The publisher broke its internal record for total watch time on YouTube in July and again in August, generating 1.16 billion minutes in July and 1.2 billion minutes in August, according to president Barbara Peng. As a metric, watch time represents the cumulative duration that viewers spend watching a video; YouTube displays the numbers privately to channel owners, and they are critical given that greater watch time means more ad opportunities.
Insider also saw more than half of that consumption occur on connected televisions—59% in July and 50% in August—a first for the company.
“This is the result of two trends coming together,” Peng said. “People are growing more accustomed to watching YouTube on television, and we are responding more to what kind of content people are watching.”
This comes as the digital media ecosystem more broadly reckons with questions surrounding the quality of digital video content.
Scandals stemming from a July report from the research firm Adalytics, as well as changing technical policies from the Interactive Advertising Bureau, have led ad buyers to think more critically about how they allot their video budgets.
Meanwhile, publishers and marketers have rushed to embrace CTV, which, despite the immaturity of its data infrastructure, yields higher CPMs and continues to gain in viewership.
According to Comscore, the number of CTV hours per household watched rose from 9.6 billion to 11.5 billion between 2022 and 2023, a 21% uptick.

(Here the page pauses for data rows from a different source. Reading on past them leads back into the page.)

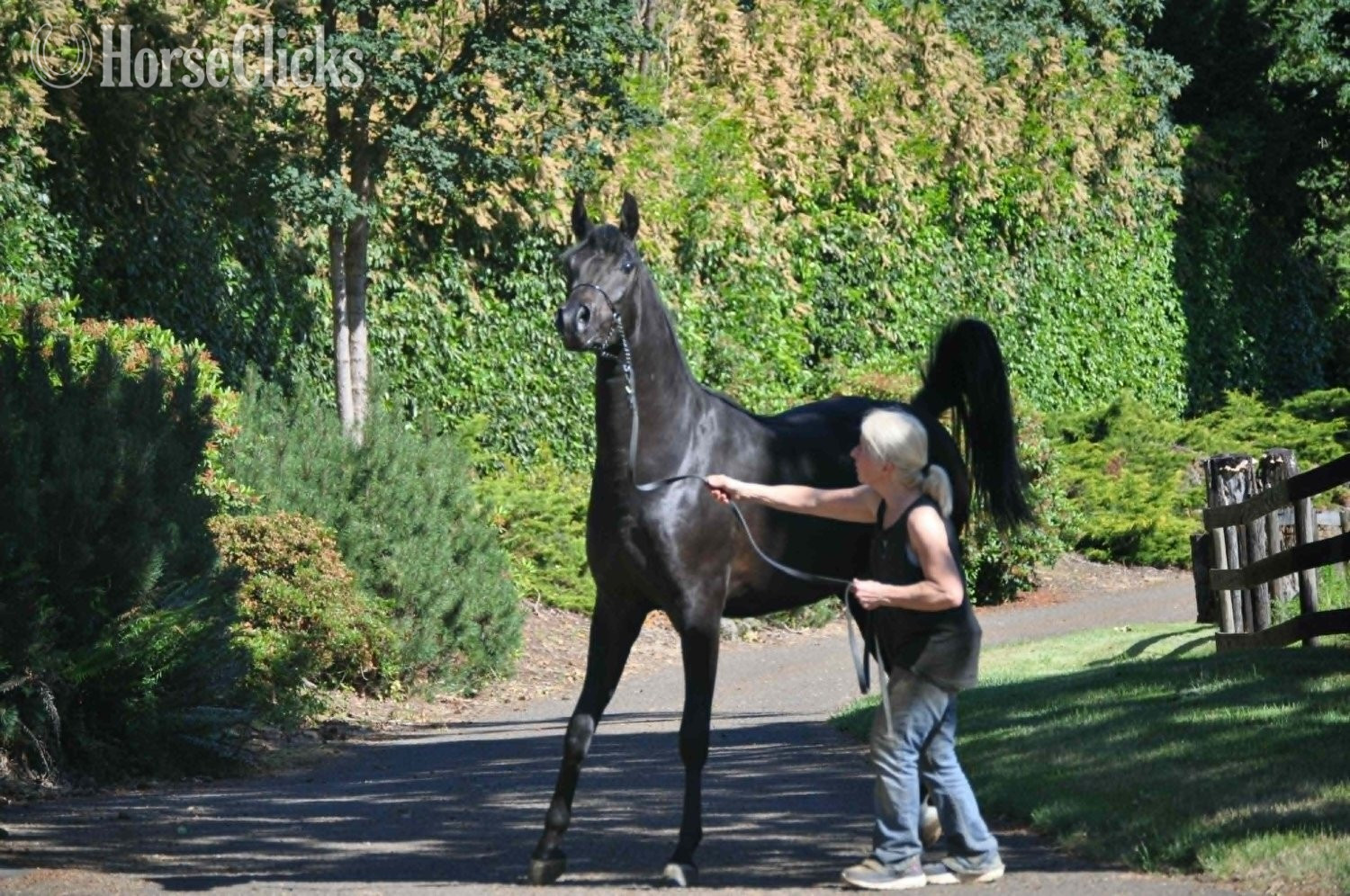 "Penta Jubilee" Bay Gelding Arabian in Oregon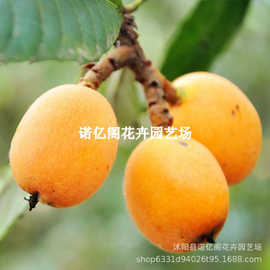 台农1号大果甜枇杷苗台湾枇杷树苗新品果大味浓甜早产高产果树苗
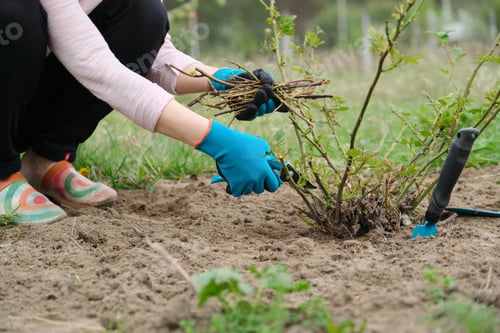 Preview: Closeup of gardeners hand in protective gloves with garden pruner making spring pruning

And video revenue—including advertising, as well as licensing, social partnerships and other attendant lines of business—currently makes up 15% of Insider’s overall revenue, according to Peng.
“If you have the ability to stand up and retain a video audience outside of your owned-and-operated, the CPMs are incredible,” said Brian Cullinane, the chief revenue officer at video aggregator VideoElephant. “The challenge is getting seen.”